A mí, como creyente, me gustaría una Iglesia que convocara menos manifestaciones en defensa de la familia y que se dedicara más a defender a la familia; yo quisiera formar parte de una Iglesia que se preocupa menos por la entrepierna de las personas y más por su situación económica o social: una noche de campamento, en La Barrosa, le planteábamos a Manolo Molina –y él asentía– que la obsesiva preocupación de la Iglesia por el sexo aleja a los jóvenes y a la parte más viva de los creyentes de los templos, donde por cierto nunca se oye clamar contra los empresarios que pagan mil euros o que despiden a las empleadas cuando se quedan embarazadas, que eso sí sería defender a la familia.

Yo quisiera ser Iglesia de una Iglesia que escuchara al Cardenal Martini –¡cuántos Carlo María Martini hacen falta en la Iglesia!– cuando dice que las preocupaciones de la Iglesia tienen que ser las mismas preocupaciones que tienen los jóvenes y los hombres de aquí y ahora.

A mí me gustaría que mi Iglesia estuviera llena de vida y que los templos no fueran un lugar donde las viejecitas –más o menos aburridas– van a dormitar la tarde del domingo sino el espacio alegre de celebración de un mensaje que revoluciona con la alegría y para la fraternidad entre los hombres.

A mí me gustaría ser tocado por la fuerza misteriosa de una Iglesia que está presente allí donde hay un hombre que sufre, una mujer que llora, un preso torturado, un homosexual ahorcado, un niño violado o explotado, una Iglesia que en medio del dolor alza su voz y denuncia el crimen y dice basta y pide que no se penalice el sufrimiento ni la diferencia y que sabe ver en la multiplicidad de las personas la riqueza de los hijos de Dios.

Y yo quisiera ser parte de una Iglesia que escucha atentamente las palabras de André Compte-Sponville –filósofo y ateo– cuando dice que hay que luchar “contra los fanáticos y contra el oscurantismo”, miembro de una Iglesia que sea aliada “de todos los espíritus libres, abiertos y tolerantes, crean o no en Dios”: ¿qué hace la Iglesia de Francisco de Asís votando en la ONU al lado de Irán o de Yemen, por el amor de Dios?, ¿qué hace la Iglesia de Erasmo de Rotterdam tendiendo la mano a los lefebvrianos Abrahamowicz y Williamson, que bromean con las cámaras de gas del nazismo –“Sé que las cámaras de gas existieron para desinfectar, pero no sé decir si provocaron muertos o no”–, mientras persigue a los teólogos de la Liberación que se juegan la vida en las selvas de África o de Iberoamérica?

Y me gustaría ser un creyente al que dejasen coger –con amores de hijo dolorido– la mano de la Iglesia y, como a un niño al que se le enseña a andar, ayudarle a caminar más al lado de Maximiliano Kolbe, Juan XXIII, Ignacio Ellacuría, Antonio Gutiérrez “El Viejo” o Kike Figaredo y menos al lado de Kiko Argüello, Lefebvre o Escriba de Balaguer.
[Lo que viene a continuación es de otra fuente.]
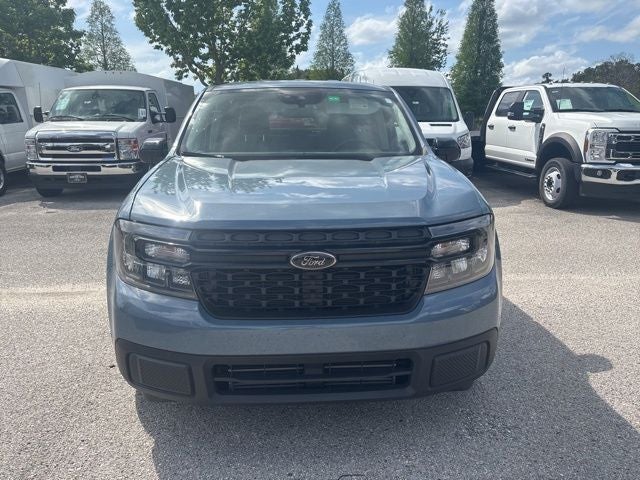 2024 Ford Maverick XLT LUXURY PACKAGE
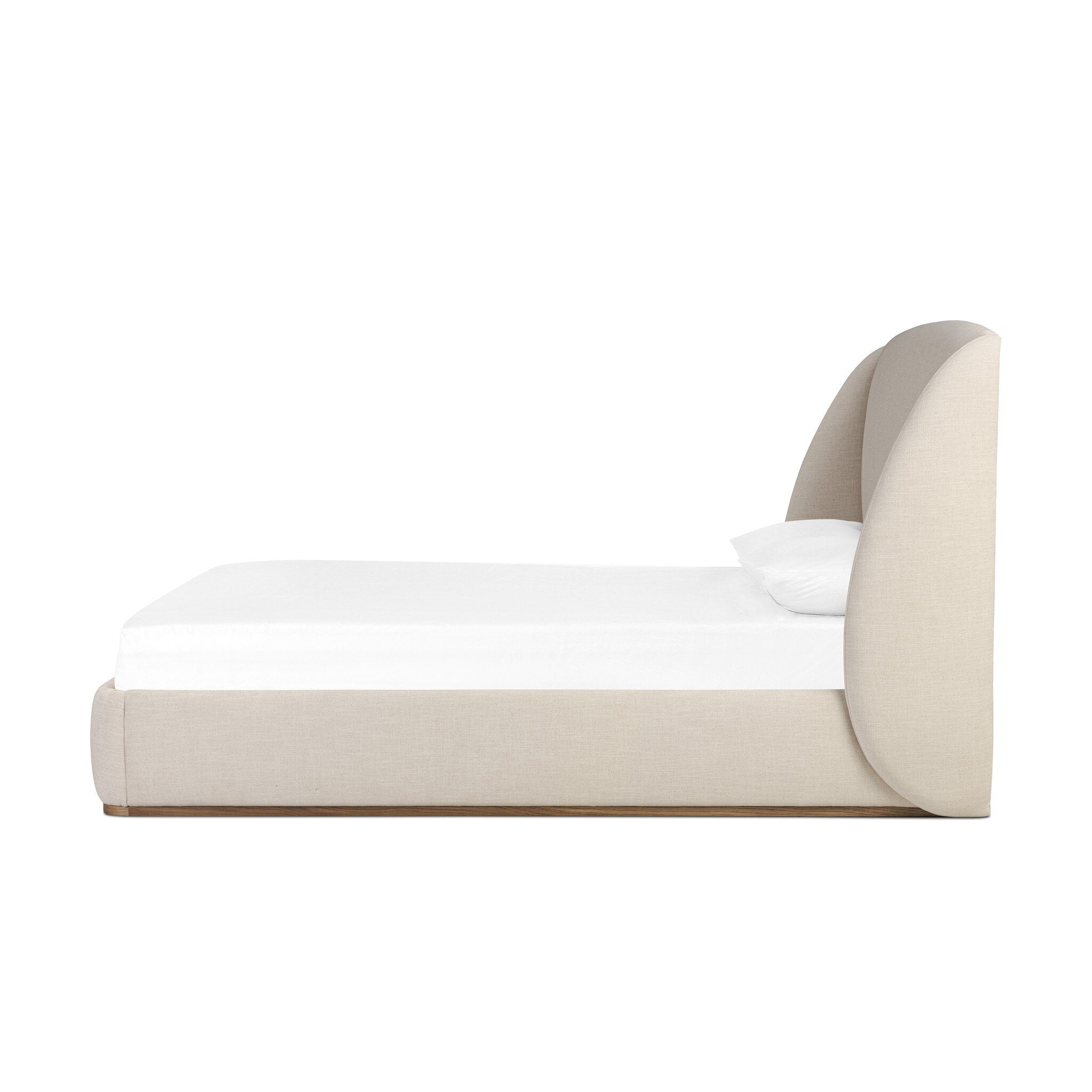 Maeve Upholstered Bed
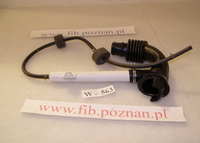 WĄŻ ZBIORNIK-FILTR/29009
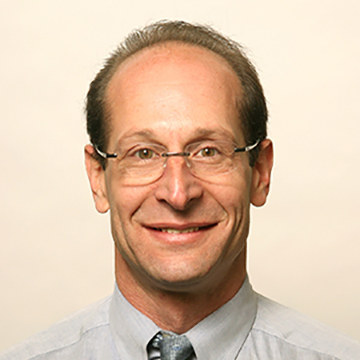 Bruce Doblin headshot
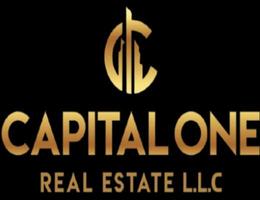 CAPITAL ONE REAL ESTATE L.L.C S.O.C CAPITAL ONE REAL ESTATE L.L.C S.O.C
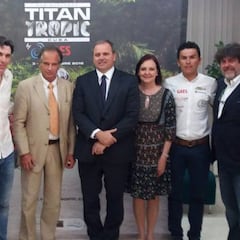 Titan Tropic 2016: Cuba y el mountain bike se reencuentran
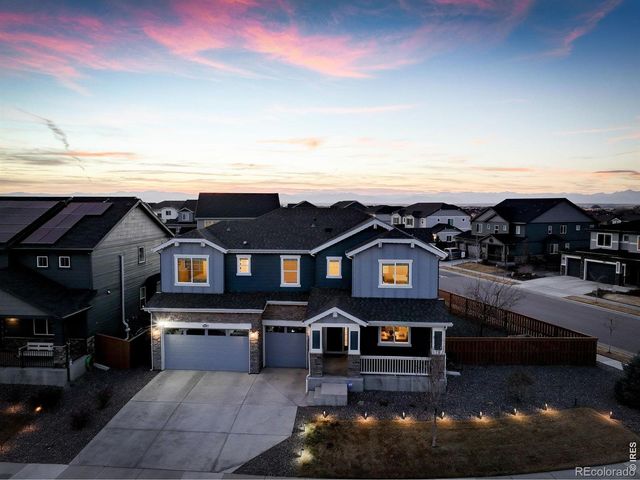 11697 Olathe Street, Commerce City, CO 80022
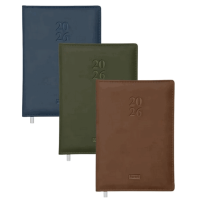 Agenda 2026 Executiva Capri Color 135x192 176 Fls 53.7604-0 Foroni Agenda 2026 Executiva Capri Color 135x192 176 Fls 53.7604-0 Foroni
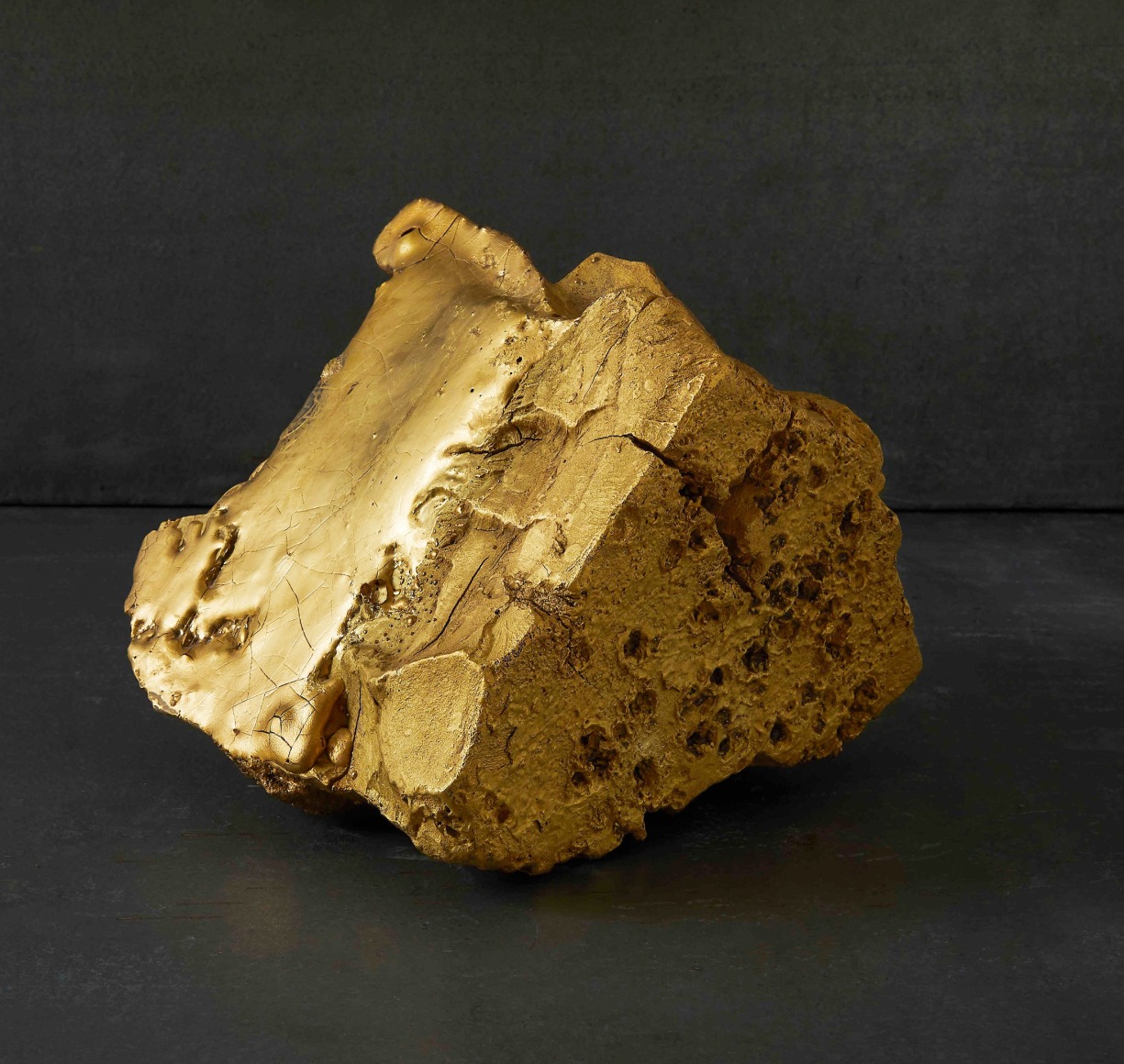 Ogawa Machiko (b. 1946), Crystals and Memories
Y enseñarle a pronunciar más palabras como amor, gracia, auxilio, esperanza, caridad, fe, compasión en el dolor y en la amargura y en la angustia y en la soledad, y paz, y menos palabras como exclusión, pecado o portazo.

Y a mí, para terminar, me gustaría ser parte de una Iglesia más humana y menos romana, que es menos italiana y menos europea y más universal para ser más católica, una Iglesia mestiza que no vuelve a hablar en latín porque quiere seguir hablando en las lenguas en las que la gente reza y pide pan y trabajo, una Iglesia que come el Pan y el Vino con la alegría de una misa bajo los pinos de La Barrosa, una Iglesia de las personas que abre las manos y acoge y que reza con el corazón limpio porque como dice Casaldáliga la verdadera revolución cristiana sólo se podrá hacer a fuerza de mucha oración.